What you need to do> Where an image appears, leave it out; otherwise repeat the data exactly.

Data segment>
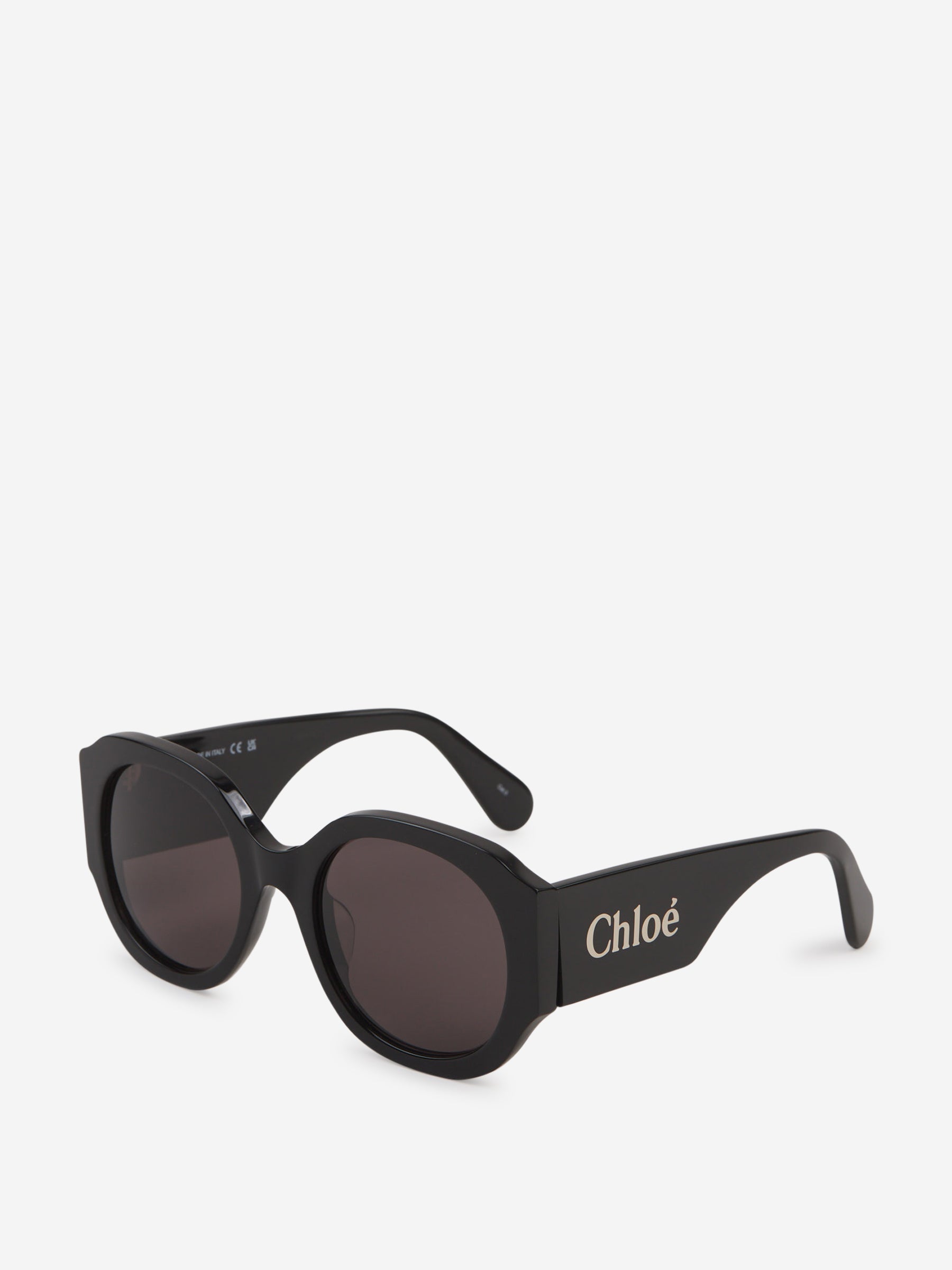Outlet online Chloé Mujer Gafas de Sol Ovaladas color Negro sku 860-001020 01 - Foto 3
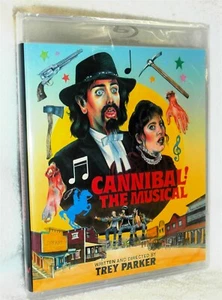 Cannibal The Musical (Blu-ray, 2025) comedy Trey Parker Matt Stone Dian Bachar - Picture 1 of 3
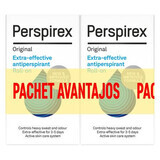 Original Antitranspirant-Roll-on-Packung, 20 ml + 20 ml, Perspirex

Exercise response>
Outlet online Chloé Mujer Gafas de Sol Ovaladas color Negro sku 860-001020 01 - Foto 3
 Cannibal The Musical (Blu-ray, 2025) comedy Trey Parker Matt Stone Dian Bachar - Picture 1 of 3
 Original Antitranspirant-Roll-on-Packung, 20 ml + 20 ml, Perspirex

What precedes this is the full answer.